The move comes a month after some of the board members first began asking the mayor, privately, to move people out of congregate settings like shelters.

Sup. Hillary Ronen said she thinks the mayor is wrong about homeless people.

The Mayor’s Office has repeatedly said that hotels rooms aren’t necessary for all of the homeless people, and in her press conference several days ago chided the supervisors for pushing this issue.

Sup. Hillary Ronen said she and her colleagues had tried for a month to work with the mayor and not turn this into a political issue.

“We worked nonstop behind the scenes,” Ronen said.

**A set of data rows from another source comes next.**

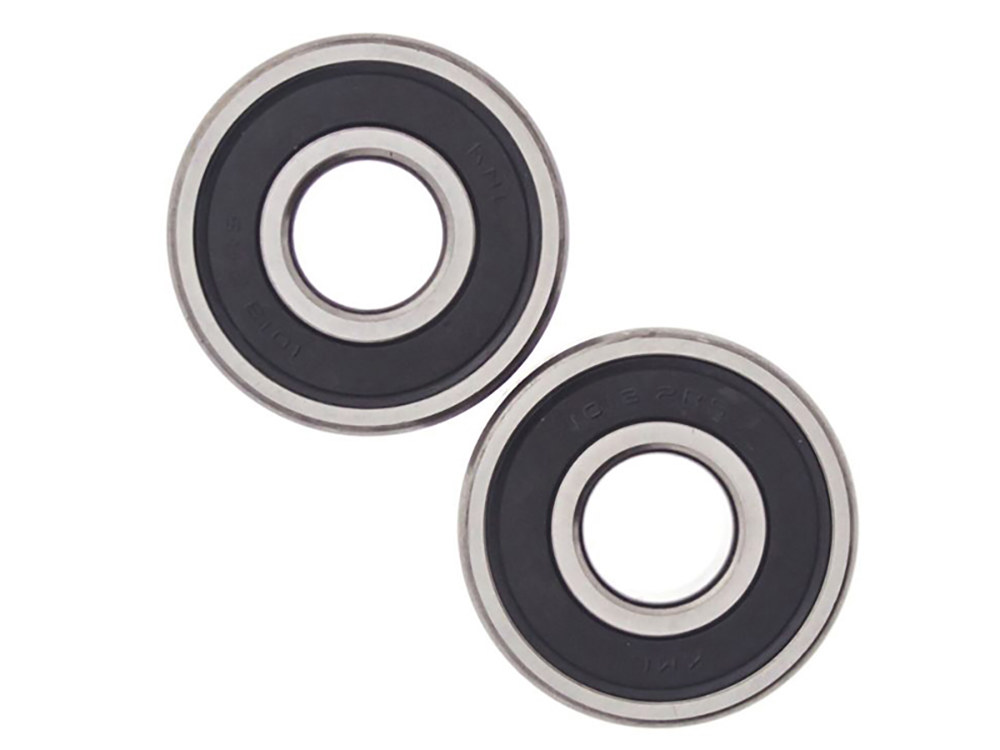 All Balls Racing 3/4in. Sealed Wheel Bearing Kit. Fits Some Big Twin & Sportster Models 2000-2007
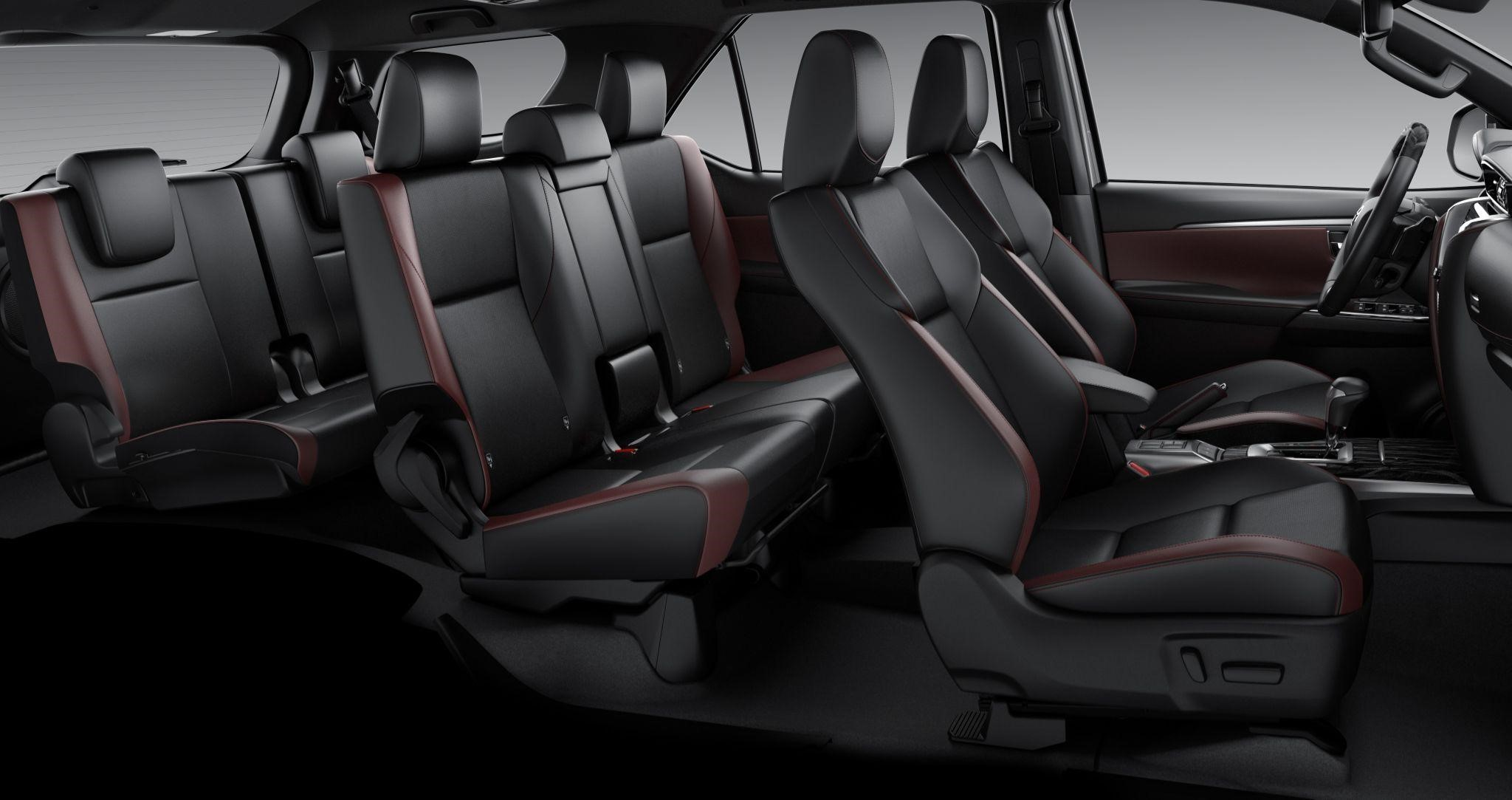 Hệ thống ghế ngồi trước và sau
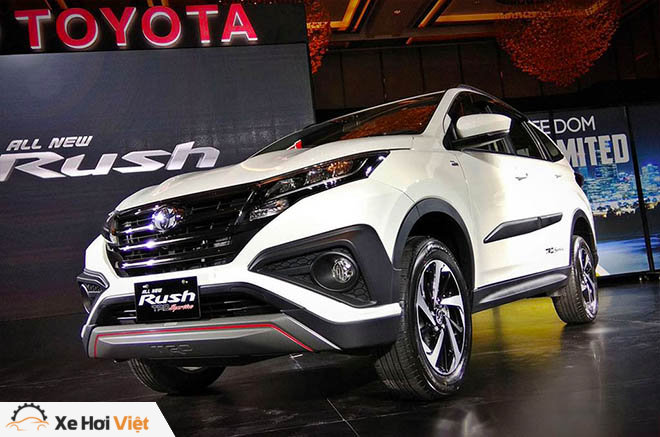 Toyota Rush 2019 - Mẫu xe SUV được săn đón nhiều nhất hiện nay - 1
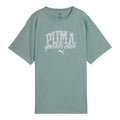 Green - Front - Puma Womens-Ladies Class Relaxed Fit T-Shirt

But week after week, as if became more clear that the virus was going to spread in the homeless community, the Mayor’s Office continued to put its efforts into building a new, large, congregate center at Moscone Center.

“When I got a call early in the morning to tell me that that someone had tested positive at the Division Circle Shelter, I said that my staff and myself were ready to help move people to hotels. I was told that the city wasn’t going to do that… A few days later, 70 people tested positive at the Multi-Service Center.”

The mayor’s director of the Human Services Agency, Trent Rhorer, said that it’s not “fiscally responsible” to rent large numbers of hotel rooms.

But Ronen said that “we have turned this city upside down in the economy.” Some small businesses may not survive. Unemployment is soaring. But “lives are more important,” she said.

“We have not done that for the unhoused population.”

There are, Ronen estimated, 5,600 people living on the streets who are fully able to care for themselves. “I disagree with the mayor that they don’t need help,” she said.

The measure takes effect immediately, and the mayor can’t veto it.

So now it will be up to the Breed Administration to decide how to move forward and follow the law, in a timely fashion, when it’s clear that the senior people don’t want to do that.

And the lives of thousands are at imminent risk.